- Shaggy and small
- Peppy and fun
- Intelligent and proud
- Crave attention
Ideal Human Companion
- Active seniors
- City dwellers
What They Are Like to Live With
They may look cute and cuddly, but West Highland Terriers would much rather be running around than sitting on a couch. Bursting with energy, curiosity and playfulness, Westies are always game for activity. This can involve playing games inside or out, chasing small animals or digging—or all of them at the same time! Though high-energy dogs, West Highland Terriers don’t require too many walks or jogs to stay mentally and physically healthy.
West Highland Terriers are loyal and devoted pets—a great family dog for city or country living. They get along with children who are old enough to respect their space, and they are very friendly with strangers. However, they can be quite effective guard dogs, barking wholeheartedly if they sense danger.
Things You Should Know
These dogs have a self-confidence and self-reliance that can be good (resulting in resourceful play and solid companionship) or bad (resulting in destructiveness). Though independent, Westies need attention and activity or they can become restless. Left alone for too long, they could dig up a garden, chew things or get involved in other forms of mischief.
West Highland Terriers, descending from a breed of robust dogs that chased rats and foxes through the moors, are naturally curious and intelligent. Always keep them fenced-in or on a leash. If they see a small critter scurrying off somewhere, they will most likely follow them at lightning speed.
Not only do West Highland Terriers bark when a suspicious person approaches the house, they also bark when just about anyone pops by. With proper training and socialization, this barking can be minimized.
Westies are relatively clean and odorless, but they still need daily brushing to keep their coat under control. A healthy West Highland Terrier can live as long as 14 years.

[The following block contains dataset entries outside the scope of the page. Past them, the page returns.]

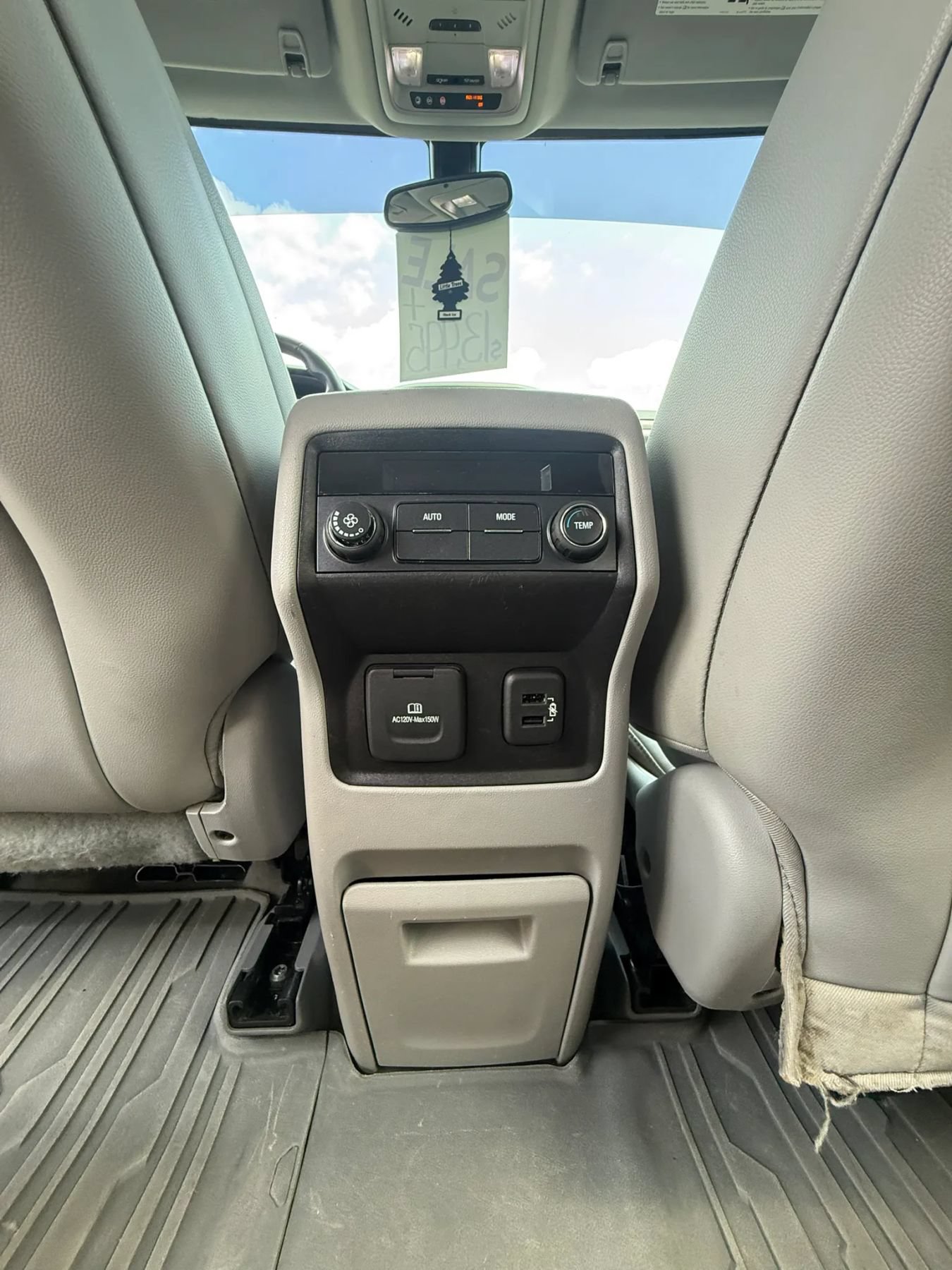 Used 2019 GMC Acadia SLT w/ LPO, Floor Liner Package FWD image 13
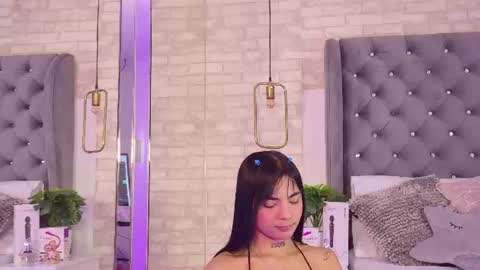 Pau online show from 07.06.26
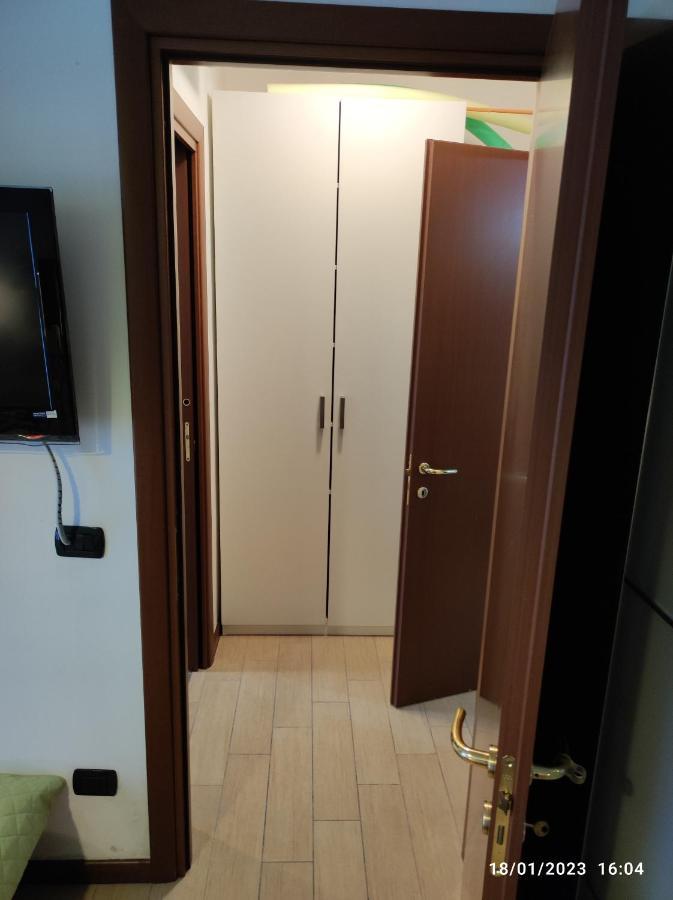 Casa Vacanze Da Riki Appartamento 1 Peschiera del Garda Exterior foto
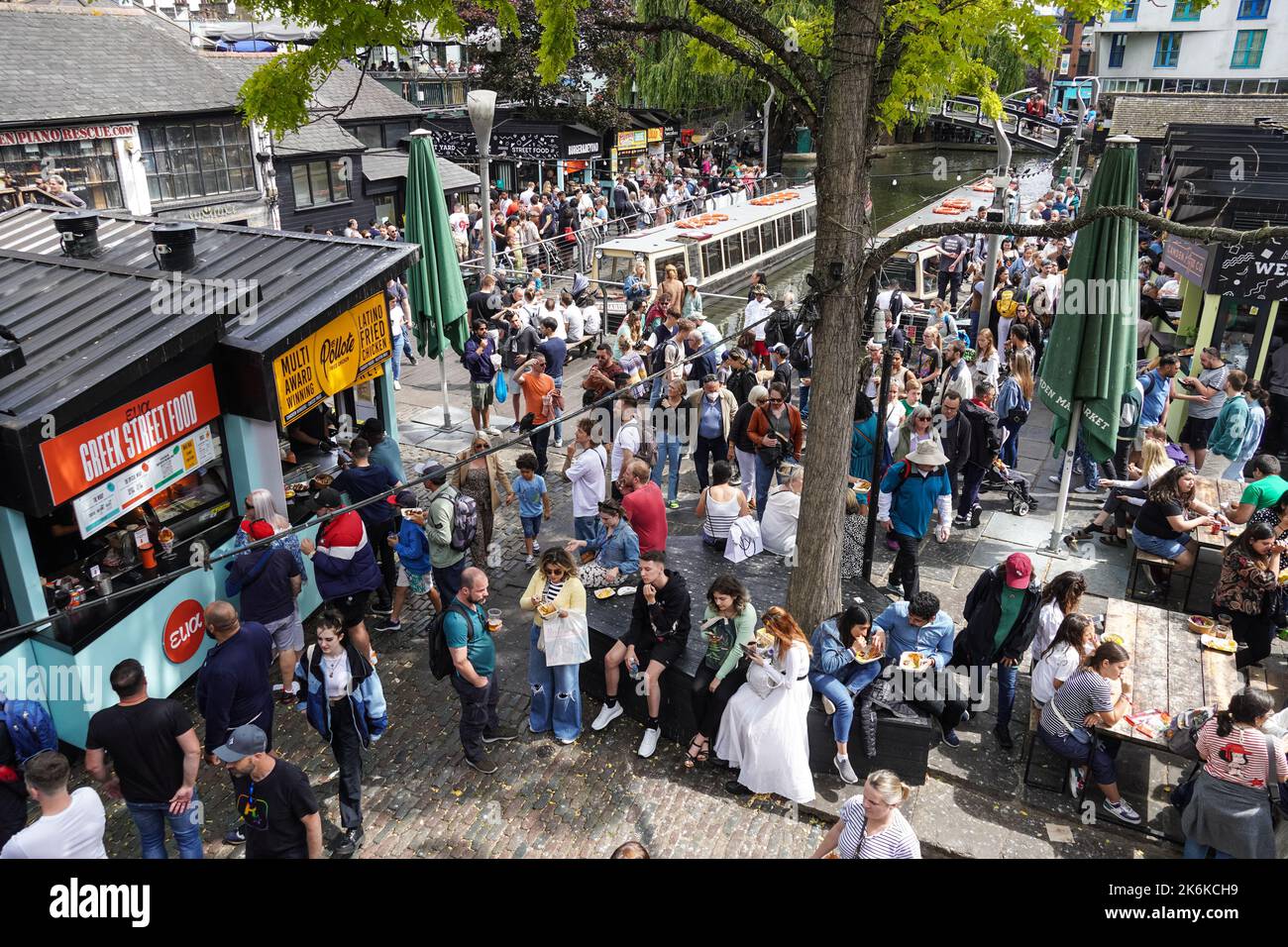 Boutiques et stands de nourriture sur Camden Market, Camden Town, Londres Angleterre Royaume-Uni Banque D'Images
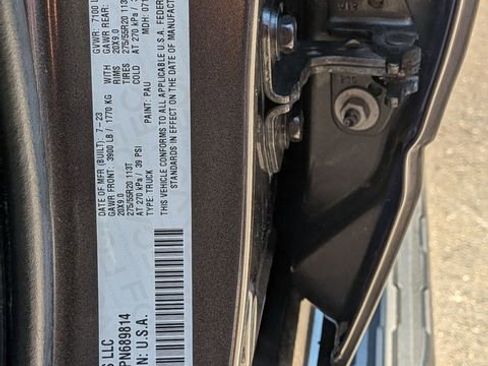 Used 2023 RAM 1500 Big Horn AWD/4WD image 36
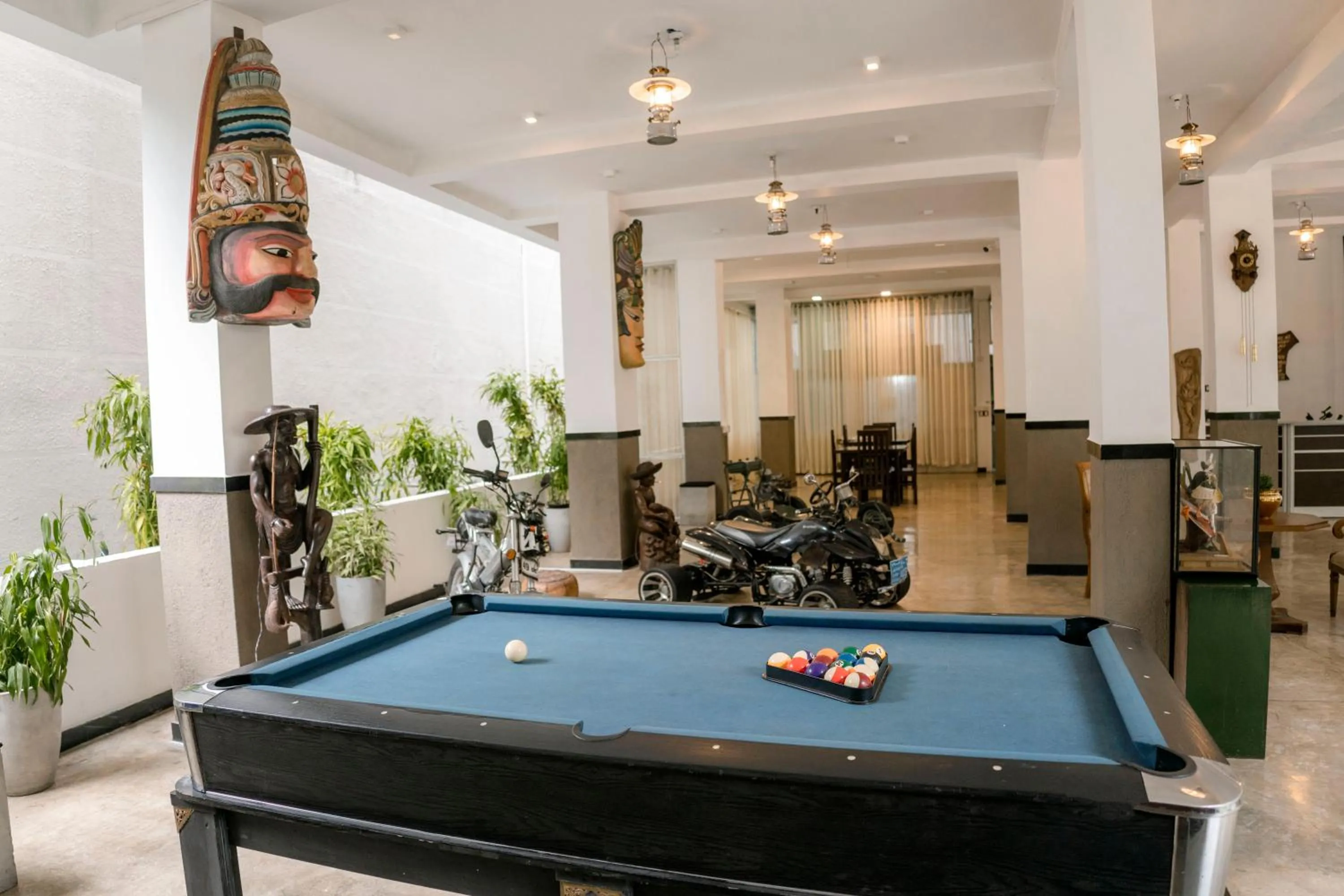 Billiard in Gallery City Hotel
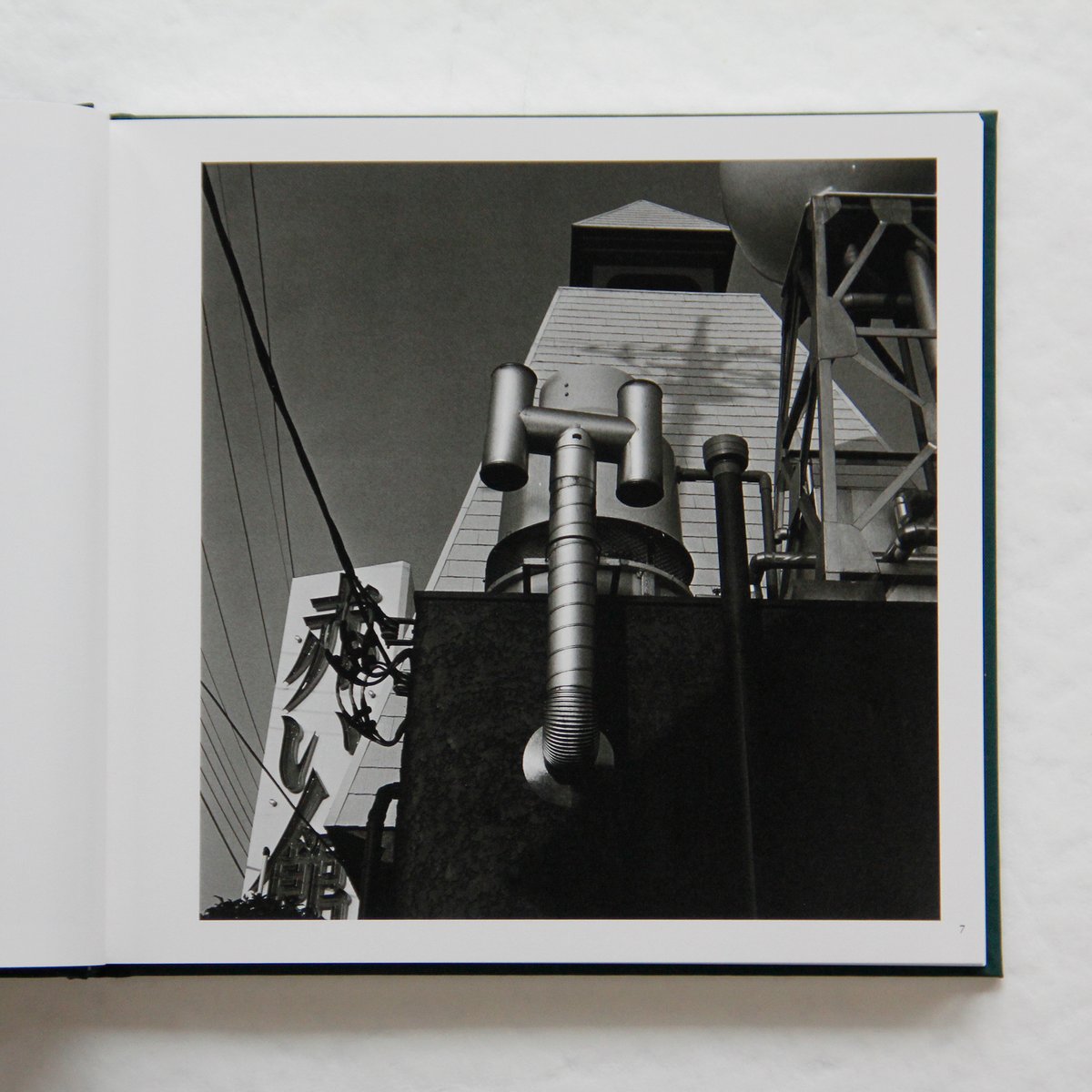 ＜サイン、エディション入り＞須田一政写真集『SUDDENLY』 SUDDENLY - 須田一政 | shashasha 写々者 - 写真集とアートブック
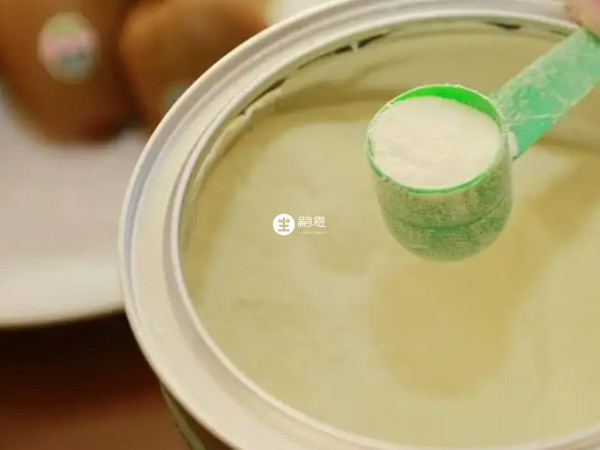 育兒專家推薦給幼兒喝氨基酸奶粉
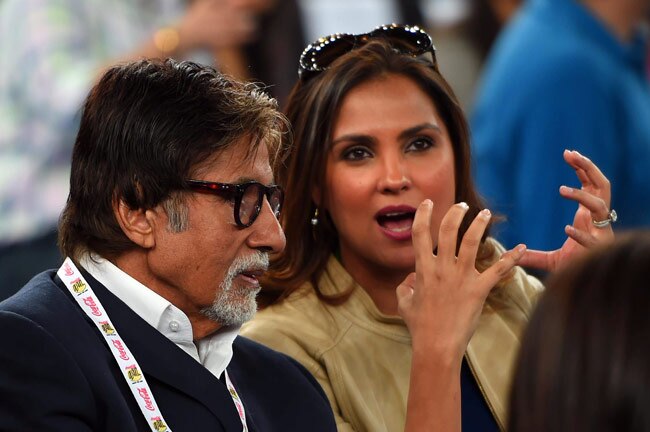 रॉजर फेडरर के साथ टेनिस कोर्ट में उतरे बॉलीवुड सितारे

Common health problems include joint deterioration and skin allergies.
West Highland White Terrier History
West Highland Terriers—legend has it—were bred from the white offspring of Cairn and Scottish Terriers in order to create a hunting terrier that would not be mistaken for a fox. They debuted at a London dog show in 1907 and were registered by the AKC in 1908. Originally registered as Roseneath Terriers, their name was changed to the West Highland White in 1909. Over the years, they have become increasingly popular due to their talents as both hunting dogs and companions.